-- Opening Marker --
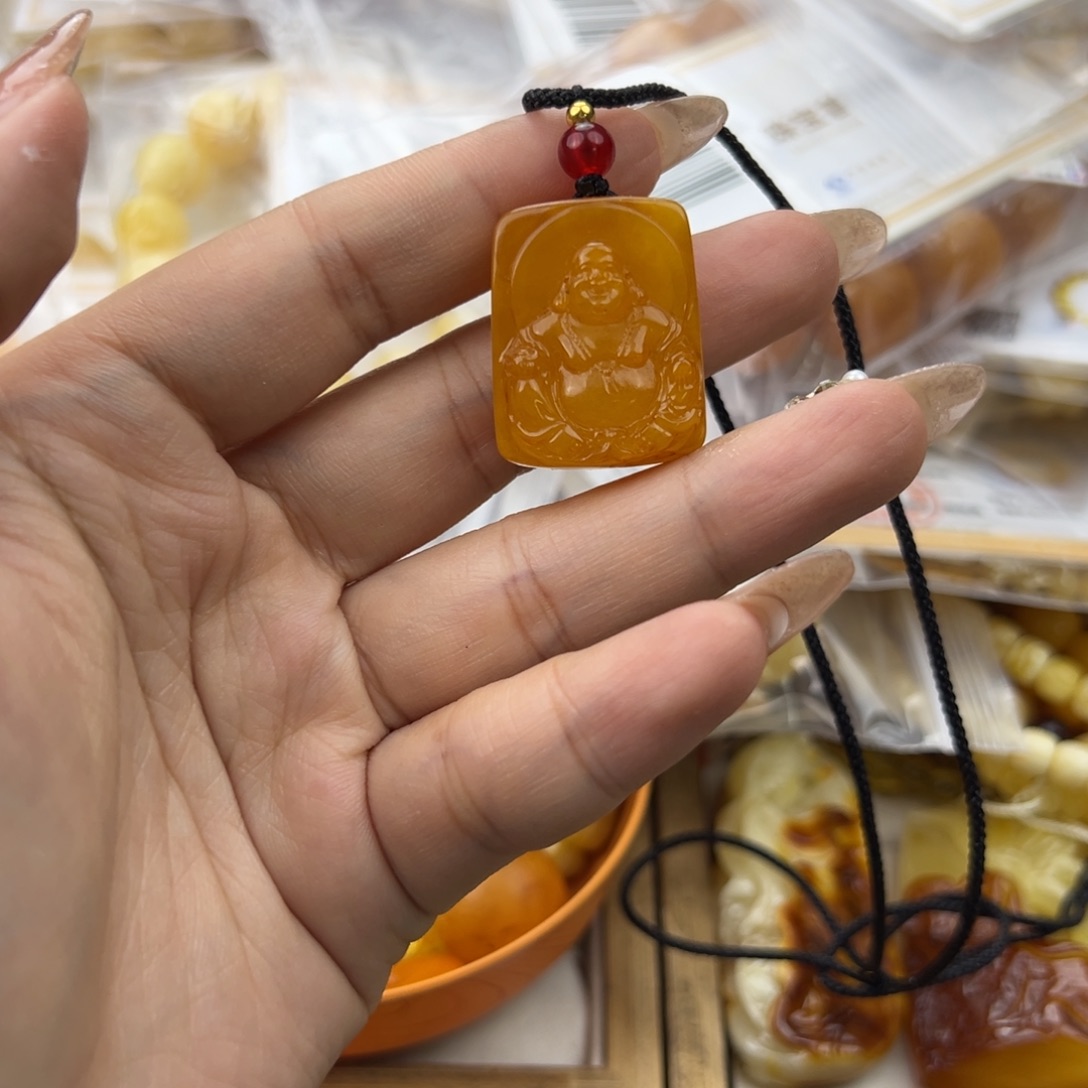 琥珀珠宝奇石未镶嵌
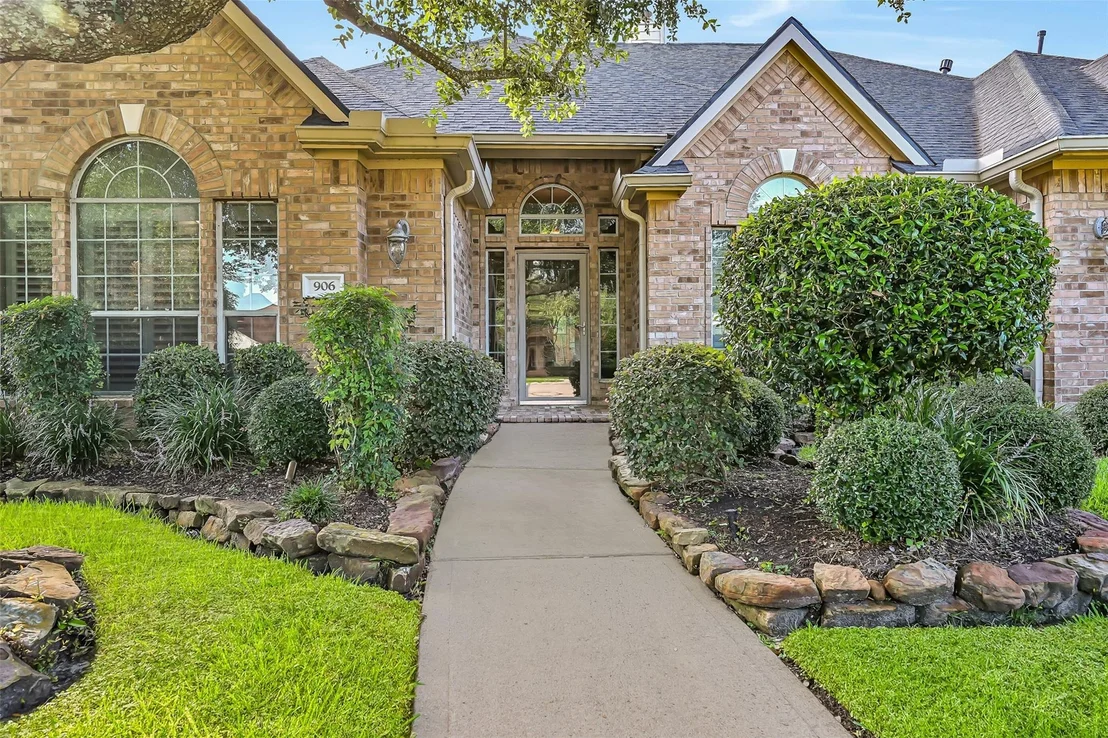 Photo of 906 High Ridge Circle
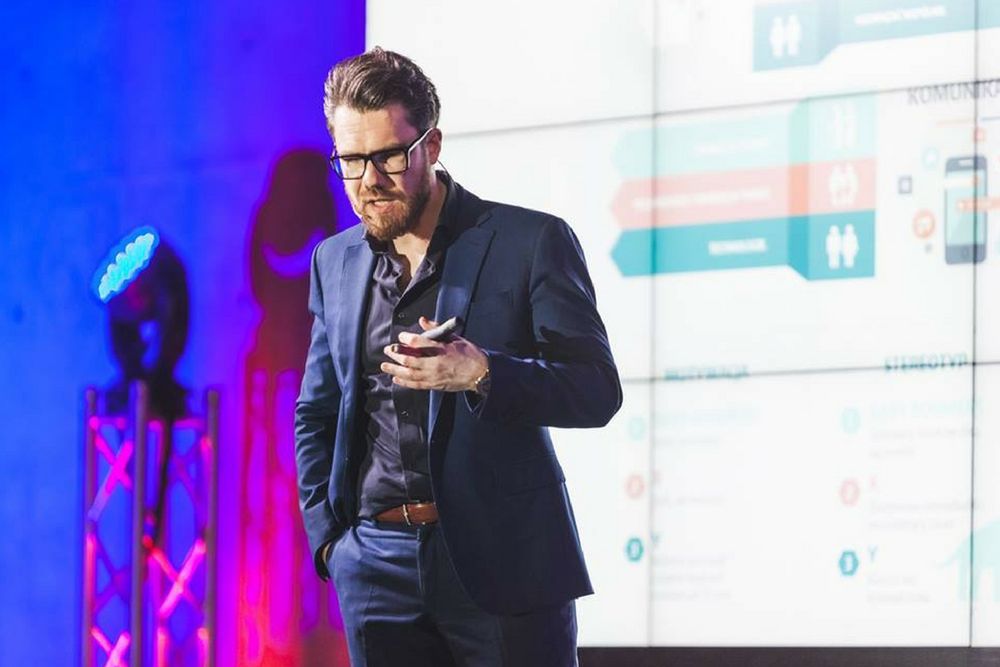 Mateusz Grzesiak: to, ile jemy, zależy od rozmiaru talerza i sztućców, pory dnia, towarzystwa i miejsca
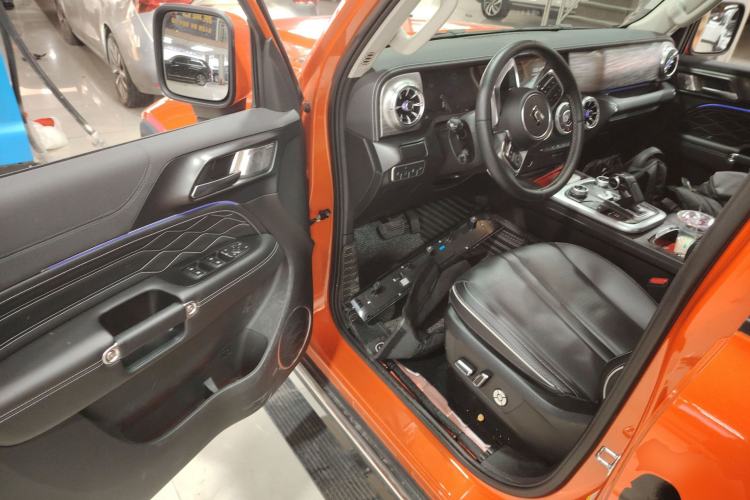 Used Tank 300 2023 City Edition 2.0T—Stylish as Ever Driver Seat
-- Closing Marker --
__Task instructions__
Starting with the line that holds "Mateusz Grzesiak: to, ile", print each line through the last one of the data exactly as written, but do not include the pictures.

__Task answer__
 Mateusz Grzesiak: to, ile jemy, zależy od rozmiaru talerza i sztućców, pory dnia, towarzystwa i miejsca
 Used Tank 300 2023 City Edition 2.0T—Stylish as Ever Driver Seat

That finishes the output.